Warwickshire police commissioner Ron Ball is not quite a marauding Genghis Khan of police accountability, is he? More the sweet talking muse of old Bill romantic verse, it seems. His line, you must admit, of “let’s wait and see” certainly tends to disappoint when the evidence is clear and unequivocal in respect of the Andrew Mitchell debacle: the police lied….again.

But all is not lost. These bold outriders for public accountability, though somewhat mired in mystery where the general public are concerned, do enjoy a modest degree of virtue as I recently discovered when interviewing the Dyfed Powys police and crime commissioner Christopher Salmon.

The thrust of my interview concerned the devolving of police powers to Carwyn’s Team Druid in Cardiff Bay.

Before going any further, I must remind readers that the first minister was “roasted” by Welsh Labour MP’s back in March over this very issue, as originally reported by the Western Mail and then taken up by BBC Wales.

Talk of the tea room in Westminster, apparently. Indeed one senior politician compared Rhodri Morgan (Carwyn’s mentor in public sector studies) with Ramsay Macdonald and another loyalist Valley’s MP told Carwyn directly that it was a pity that he didn’t pay more attention to health and education in Wales instead of devolving police powers, with criminal justice to follow.

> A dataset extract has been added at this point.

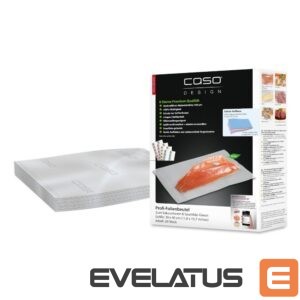 Filtrai ir priedai Caso  Foil bags 01220 50 units, Dimensions (W x L) 30 x 40 cm, Ribbed 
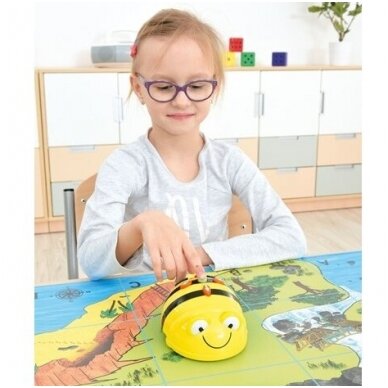 ROBOTAS - BITUTĖ "Bee-Bot", BM356002 6 ROBOTAS - BITUTĖ "Bee-Bot", BM356002 6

Yet another Westminster Welsh politico complained, “He didn’t consult anybody. He didn’t discuss his proposals with his own cabinet or even Labour AMs’.”

Observe the remarkable naivety of Welsh Labour MP’s here, as if they have ever known what goes on in Cardiff Bay, that’s devolution for you? Nothing but “institutional chaos”, at least John Major got this right.

All you hear from Welsh MP’s these days is, “Can’t deal with that, it’s the responsibility of the Welsh government.” Makes you wonder why they are in Parliament at all, doesn’t it?

Although in the interests of balance one must quote Welsh Labour MP Wayne David who said about this lively political domestic, “We are not in favour of a separate justice system in Wales. That is Labour party policy.”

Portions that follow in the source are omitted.